Task brief: All lines from the one with "Tire, Rim and Spare Rim for Farm Equipment" to the end of the listing below are to be transcribed exactly; both end lines are included, and no other lines are.

Start of Block

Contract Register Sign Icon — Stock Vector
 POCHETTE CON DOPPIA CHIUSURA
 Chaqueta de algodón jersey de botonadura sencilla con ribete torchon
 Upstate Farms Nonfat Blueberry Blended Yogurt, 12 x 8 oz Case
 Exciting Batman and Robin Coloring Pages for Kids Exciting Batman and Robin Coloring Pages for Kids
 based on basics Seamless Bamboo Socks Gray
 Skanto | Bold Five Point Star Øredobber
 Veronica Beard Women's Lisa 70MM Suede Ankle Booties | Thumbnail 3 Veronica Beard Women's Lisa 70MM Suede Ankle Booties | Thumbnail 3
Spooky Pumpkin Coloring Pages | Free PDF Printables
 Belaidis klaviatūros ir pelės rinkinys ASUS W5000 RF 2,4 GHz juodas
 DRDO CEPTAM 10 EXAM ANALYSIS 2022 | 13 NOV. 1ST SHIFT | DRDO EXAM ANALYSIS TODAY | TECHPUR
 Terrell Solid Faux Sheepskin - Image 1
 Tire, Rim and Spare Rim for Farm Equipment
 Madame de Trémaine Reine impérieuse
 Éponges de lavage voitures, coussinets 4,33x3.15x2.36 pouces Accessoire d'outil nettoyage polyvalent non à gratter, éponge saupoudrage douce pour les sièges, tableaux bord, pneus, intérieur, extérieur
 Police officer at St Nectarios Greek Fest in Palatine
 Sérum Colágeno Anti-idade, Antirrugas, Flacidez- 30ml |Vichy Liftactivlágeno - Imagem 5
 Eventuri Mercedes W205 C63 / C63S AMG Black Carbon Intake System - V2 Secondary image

End of Block

Result of the task:
 Tire, Rim and Spare Rim for Farm Equipment
 Madame de Trémaine Reine impérieuse
 Éponges de lavage voitures, coussinets 4,33x3.15x2.36 pouces Accessoire d'outil nettoyage polyvalent non à gratter, éponge saupoudrage douce pour les sièges, tableaux bord, pneus, intérieur, extérieur
 Police officer at St Nectarios Greek Fest in Palatine
 Sérum Colágeno Anti-idade, Antirrugas, Flacidez- 30ml |Vichy Liftactivlágeno - Imagem 5
 Eventuri Mercedes W205 C63 / C63S AMG Black Carbon Intake System - V2 Secondary image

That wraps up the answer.